UT's Blitzkrieg

Gail and Richard McGinnis, owner/residents of an old home in the tree-shaded Mountcastle Park neighborhood adjacent to the UT campus, were startled awake Wednesday morning at about 5:00 a.m. when cranes and bulldozers arrived to demolish a handsome brick slate-roofed Tudor duplex behind them. Though their property is directly adjacent to the demolition site, she says UT had offered her family no warning whatsoever of the demolition.

Built in 1927 by W.H. Peters, Knoxville's first law director, the house suddenly destroyed had been a candidate for the National Register due to a number of unusual architectural features. It had most recently served as UT's office of Diversity Resources, which has moved to another building on Terrace. UT officials confirm the house is being demolished to make way for a parking garage.

Ironically, the McGinnises and other neighbors had been in City Council Tuesday night to protest a private development in their neighborhood. Mrs. McGinnis, who has lived in her old family home on Terrace for most of her life, says UT had recently attempted to obtain her home for a parking garage, but that she had refused to sell. Some neighbors believe UT's middle-of-the-night tactics are meant to intimidate owners into selling.

Miracle on Magnolia May Come to an End

Mike Lewis is putting out an SOS. If the name sounds familiar, it may be because Lewis was one of the subjects of "Unsung Heroes," a Metro Pulse cover story last winter praising the efforts of folks who make this town livable. Lewis was included in the story because he bought two run-down tenement buildings on Magnolia Avenue in 1996 and has spent the last two years not only rehabilitating the buildings but rescuing the neighborhood. Many of his tenants would be in the street if not for his efforts. He has been shot while doing hand-to-hand combat with drug dealers, and he has forced city police and emergency personnel to stop referring to his buildings as "Krystal Heights," a nickname denoting the buildings' proximity to that Magnolia Avenue fast food joint.

Now, he's looking for help.

Lewis, who owns two of the three brick apartment houses (his are the ones with fresh coats of paint and nobody sitting in the yard drinking out of bottles in brown paper bags) in the block east of Magnolia Avenue United Methodist Church, has 122 tenants in 50 apartment units and has a HUD Moderate Rehabilitation Program contract to provide low-income housing.
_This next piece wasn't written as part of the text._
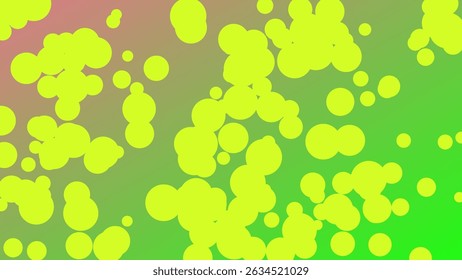 The image presents a visually engaging abstract design. Numerous neon yellow circles of varying sizes are scattered across a gradient background that transitions smoothly from a muted pinkish-brown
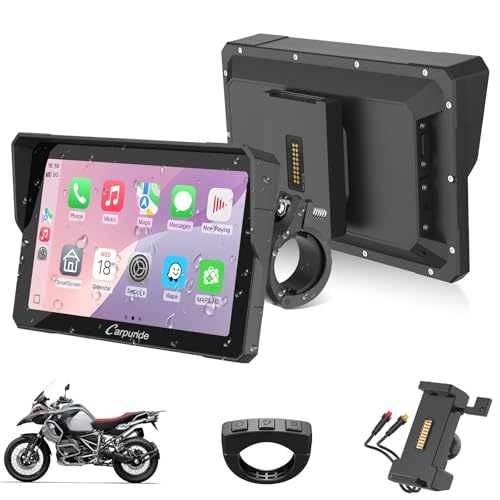 CARPURIDE W702S Motocicleta CarPlay ecrã com BM05 suporte para ligar e usar, sem fios CarPlay e Android Auto, 7" impermeável ecrã tátil, Bluetooth Trans, controlo com cabo, navegação.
This one-man neighborhood improvement project's problem is that Washington bureaucrats have decided they no longer want to fool with the Moderate Rehabilitation Program, and it's been written out of next year's appropriations bill, even though Congress had expressed the will to fund it. Without this program, Lewis and other landlords like him will likely find it impossible to stay in business. He has made trips to DC in an attempt to get the attention of his representatives (primarily Sen. Fred Thompson), but, so far, to no avail. Time is running out.

Poster Boy

The Knoxville Police Department's 1997 annual report is out, and its cover has a familiar look. We've seen that picture of Chief Phil Keith before; most of it anyway. The shot appeared on the back cover of last fall's News-Sentinel "Protect and Serve" supplement—a pull-out tabloid touting the accomplishments of Keith's department. The supplement appeared at a propitious time—just after the shooting of Juan Daniels escalated the call for a citizen's review board—and there was more to the picture than meets the eye in its most recent incarnation. The entire right hand side of the photo has been cropped out, excising the image of a bicycle cop and that of John Szczepanowski, fired earlier this year on accusations of brutality.